Data records>
- - - - - - -
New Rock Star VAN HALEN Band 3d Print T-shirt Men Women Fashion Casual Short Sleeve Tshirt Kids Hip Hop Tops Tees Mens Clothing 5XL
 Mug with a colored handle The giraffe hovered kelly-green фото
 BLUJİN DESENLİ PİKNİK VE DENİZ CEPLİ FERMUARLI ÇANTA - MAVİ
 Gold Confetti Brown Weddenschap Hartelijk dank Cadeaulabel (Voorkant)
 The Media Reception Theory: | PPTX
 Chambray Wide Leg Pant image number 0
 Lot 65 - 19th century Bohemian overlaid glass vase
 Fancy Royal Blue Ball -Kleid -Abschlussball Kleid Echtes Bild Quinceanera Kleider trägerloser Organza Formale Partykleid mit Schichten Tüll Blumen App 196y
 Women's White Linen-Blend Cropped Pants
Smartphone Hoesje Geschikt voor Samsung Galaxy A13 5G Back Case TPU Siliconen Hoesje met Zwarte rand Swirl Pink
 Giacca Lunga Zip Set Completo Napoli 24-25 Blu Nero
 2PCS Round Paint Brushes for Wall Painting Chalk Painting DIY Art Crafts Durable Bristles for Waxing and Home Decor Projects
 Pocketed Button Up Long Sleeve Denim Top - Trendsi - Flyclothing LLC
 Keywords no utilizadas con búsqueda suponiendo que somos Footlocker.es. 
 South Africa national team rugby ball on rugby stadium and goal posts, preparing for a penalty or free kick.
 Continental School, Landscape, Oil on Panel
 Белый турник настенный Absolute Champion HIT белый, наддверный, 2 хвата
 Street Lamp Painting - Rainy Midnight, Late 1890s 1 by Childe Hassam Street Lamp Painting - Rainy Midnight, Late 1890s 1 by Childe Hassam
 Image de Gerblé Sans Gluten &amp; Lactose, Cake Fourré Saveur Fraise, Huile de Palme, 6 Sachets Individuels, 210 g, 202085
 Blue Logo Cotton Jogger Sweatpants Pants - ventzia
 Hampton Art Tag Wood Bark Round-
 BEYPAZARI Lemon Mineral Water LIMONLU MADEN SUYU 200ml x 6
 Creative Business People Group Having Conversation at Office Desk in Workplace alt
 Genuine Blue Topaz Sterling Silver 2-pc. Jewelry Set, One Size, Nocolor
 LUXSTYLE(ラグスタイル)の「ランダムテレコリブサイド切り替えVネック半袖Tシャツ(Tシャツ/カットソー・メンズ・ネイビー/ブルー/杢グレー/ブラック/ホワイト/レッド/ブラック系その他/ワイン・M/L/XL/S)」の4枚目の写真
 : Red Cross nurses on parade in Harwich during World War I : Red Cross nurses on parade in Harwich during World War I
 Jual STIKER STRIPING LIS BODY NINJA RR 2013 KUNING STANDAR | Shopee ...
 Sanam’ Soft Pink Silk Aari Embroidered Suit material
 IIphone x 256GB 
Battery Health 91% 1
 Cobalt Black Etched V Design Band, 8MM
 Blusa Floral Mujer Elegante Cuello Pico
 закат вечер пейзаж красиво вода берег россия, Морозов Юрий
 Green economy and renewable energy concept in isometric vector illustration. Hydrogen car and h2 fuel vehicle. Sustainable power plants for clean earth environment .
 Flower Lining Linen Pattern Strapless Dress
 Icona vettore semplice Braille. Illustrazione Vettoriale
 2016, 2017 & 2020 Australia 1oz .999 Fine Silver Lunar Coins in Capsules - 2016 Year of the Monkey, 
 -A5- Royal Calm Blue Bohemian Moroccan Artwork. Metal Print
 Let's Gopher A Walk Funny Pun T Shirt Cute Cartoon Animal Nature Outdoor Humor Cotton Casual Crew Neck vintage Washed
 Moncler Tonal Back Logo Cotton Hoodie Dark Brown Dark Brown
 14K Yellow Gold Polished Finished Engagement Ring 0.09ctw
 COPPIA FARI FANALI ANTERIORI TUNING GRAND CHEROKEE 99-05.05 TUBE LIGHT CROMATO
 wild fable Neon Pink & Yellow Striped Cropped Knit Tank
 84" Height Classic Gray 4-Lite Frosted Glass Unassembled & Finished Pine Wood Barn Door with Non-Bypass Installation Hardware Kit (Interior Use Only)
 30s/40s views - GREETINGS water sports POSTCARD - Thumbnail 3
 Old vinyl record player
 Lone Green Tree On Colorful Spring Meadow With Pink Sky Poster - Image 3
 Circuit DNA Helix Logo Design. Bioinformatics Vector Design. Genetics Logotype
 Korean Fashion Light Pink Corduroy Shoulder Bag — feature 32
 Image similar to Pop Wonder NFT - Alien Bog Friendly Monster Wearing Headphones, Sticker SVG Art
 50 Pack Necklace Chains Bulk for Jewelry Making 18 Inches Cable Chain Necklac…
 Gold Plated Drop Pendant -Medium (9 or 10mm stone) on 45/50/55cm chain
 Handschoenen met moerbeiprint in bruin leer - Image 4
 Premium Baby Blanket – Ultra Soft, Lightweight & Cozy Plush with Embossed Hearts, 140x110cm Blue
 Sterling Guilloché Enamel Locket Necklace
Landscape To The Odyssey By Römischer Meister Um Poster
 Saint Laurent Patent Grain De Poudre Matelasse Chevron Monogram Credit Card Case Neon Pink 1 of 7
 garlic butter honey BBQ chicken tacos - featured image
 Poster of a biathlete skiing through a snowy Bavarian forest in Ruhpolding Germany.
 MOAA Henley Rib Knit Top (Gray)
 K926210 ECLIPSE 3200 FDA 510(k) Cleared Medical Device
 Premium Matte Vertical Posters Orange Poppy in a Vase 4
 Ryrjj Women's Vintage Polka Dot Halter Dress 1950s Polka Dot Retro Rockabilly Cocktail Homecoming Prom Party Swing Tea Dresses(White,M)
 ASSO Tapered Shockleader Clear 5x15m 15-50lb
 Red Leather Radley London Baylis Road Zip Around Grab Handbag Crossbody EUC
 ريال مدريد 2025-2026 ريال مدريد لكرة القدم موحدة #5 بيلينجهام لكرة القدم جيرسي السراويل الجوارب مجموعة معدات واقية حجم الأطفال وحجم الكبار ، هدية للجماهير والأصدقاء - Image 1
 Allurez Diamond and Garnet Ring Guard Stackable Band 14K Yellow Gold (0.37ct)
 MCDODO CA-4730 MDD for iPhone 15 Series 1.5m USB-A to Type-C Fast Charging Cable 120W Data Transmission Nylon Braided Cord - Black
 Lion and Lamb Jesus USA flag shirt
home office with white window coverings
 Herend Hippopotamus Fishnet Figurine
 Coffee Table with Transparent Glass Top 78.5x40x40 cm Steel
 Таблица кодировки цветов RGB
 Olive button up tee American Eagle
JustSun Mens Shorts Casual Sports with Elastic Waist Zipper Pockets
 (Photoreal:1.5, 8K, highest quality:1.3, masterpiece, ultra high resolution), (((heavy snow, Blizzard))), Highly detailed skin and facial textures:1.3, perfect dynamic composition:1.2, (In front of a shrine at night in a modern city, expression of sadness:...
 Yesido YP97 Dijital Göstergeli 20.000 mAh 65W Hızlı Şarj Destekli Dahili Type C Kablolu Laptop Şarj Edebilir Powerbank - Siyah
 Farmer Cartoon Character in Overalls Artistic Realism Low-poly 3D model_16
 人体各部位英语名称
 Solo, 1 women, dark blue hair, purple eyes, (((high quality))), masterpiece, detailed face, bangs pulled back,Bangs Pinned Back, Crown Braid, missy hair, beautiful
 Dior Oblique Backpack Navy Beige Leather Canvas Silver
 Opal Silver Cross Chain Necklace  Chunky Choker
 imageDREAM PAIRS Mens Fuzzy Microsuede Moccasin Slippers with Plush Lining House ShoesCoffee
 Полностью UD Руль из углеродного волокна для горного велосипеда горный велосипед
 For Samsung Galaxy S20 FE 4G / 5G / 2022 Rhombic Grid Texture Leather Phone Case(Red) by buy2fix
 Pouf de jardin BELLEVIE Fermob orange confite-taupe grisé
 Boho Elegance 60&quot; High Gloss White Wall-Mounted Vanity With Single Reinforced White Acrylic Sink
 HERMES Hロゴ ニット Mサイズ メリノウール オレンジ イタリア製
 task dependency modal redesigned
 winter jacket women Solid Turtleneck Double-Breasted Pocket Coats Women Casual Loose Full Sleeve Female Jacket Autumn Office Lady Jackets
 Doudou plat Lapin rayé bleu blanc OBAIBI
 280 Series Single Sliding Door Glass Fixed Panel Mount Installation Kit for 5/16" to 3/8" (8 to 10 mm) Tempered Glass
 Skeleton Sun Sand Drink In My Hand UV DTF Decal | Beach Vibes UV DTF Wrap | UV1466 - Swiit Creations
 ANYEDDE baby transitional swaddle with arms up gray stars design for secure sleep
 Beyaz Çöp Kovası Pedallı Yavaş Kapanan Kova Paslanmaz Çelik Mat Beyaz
- - - - - - -
What you should do>
Print, from the entries above, the line with "ريال مدريد 2025-2026", the line with "task dependency modal redesigned" and all lines between them, exactly and with nothing else.

Task result>
 ريال مدريد 2025-2026 ريال مدريد لكرة القدم موحدة #5 بيلينجهام لكرة القدم جيرسي السراويل الجوارب مجموعة معدات واقية حجم الأطفال وحجم الكبار ، هدية للجماهير والأصدقاء - Image 1
 Allurez Diamond and Garnet Ring Guard Stackable Band 14K Yellow Gold (0.37ct)
 MCDODO CA-4730 MDD for iPhone 15 Series 1.5m USB-A to Type-C Fast Charging Cable 120W Data Transmission Nylon Braided Cord - Black
 Lion and Lamb Jesus USA flag shirt
home office with white window coverings
 Herend Hippopotamus Fishnet Figurine
 Coffee Table with Transparent Glass Top 78.5x40x40 cm Steel
 Таблица кодировки цветов RGB
 Olive button up tee American Eagle
JustSun Mens Shorts Casual Sports with Elastic Waist Zipper Pockets
 (Photoreal:1.5, 8K, highest quality:1.3, masterpiece, ultra high resolution), (((heavy snow, Blizzard))), Highly detailed skin and facial textures:1.3, perfect dynamic composition:1.2, (In front of a shrine at night in a modern city, expression of sadness:...
 Yesido YP97 Dijital Göstergeli 20.000 mAh 65W Hızlı Şarj Destekli Dahili Type C Kablolu Laptop Şarj Edebilir Powerbank - Siyah
 Farmer Cartoon Character in Overalls Artistic Realism Low-poly 3D model_16
 人体各部位英语名称
 Solo, 1 women, dark blue hair, purple eyes, (((high quality))), masterpiece, detailed face, bangs pulled back,Bangs Pinned Back, Crown Braid, missy hair, beautiful
 Dior Oblique Backpack Navy Beige Leather Canvas Silver
 Opal Silver Cross Chain Necklace  Chunky Choker
 imageDREAM PAIRS Mens Fuzzy Microsuede Moccasin Slippers with Plush Lining House ShoesCoffee
 Полностью UD Руль из углеродного волокна для горного велосипеда горный велосипед
 For Samsung Galaxy S20 FE 4G / 5G / 2022 Rhombic Grid Texture Leather Phone Case(Red) by buy2fix
 Pouf de jardin BELLEVIE Fermob orange confite-taupe grisé
 Boho Elegance 60&quot; High Gloss White Wall-Mounted Vanity With Single Reinforced White Acrylic Sink
 HERMES Hロゴ ニット Mサイズ メリノウール オレンジ イタリア製
 task dependency modal redesigned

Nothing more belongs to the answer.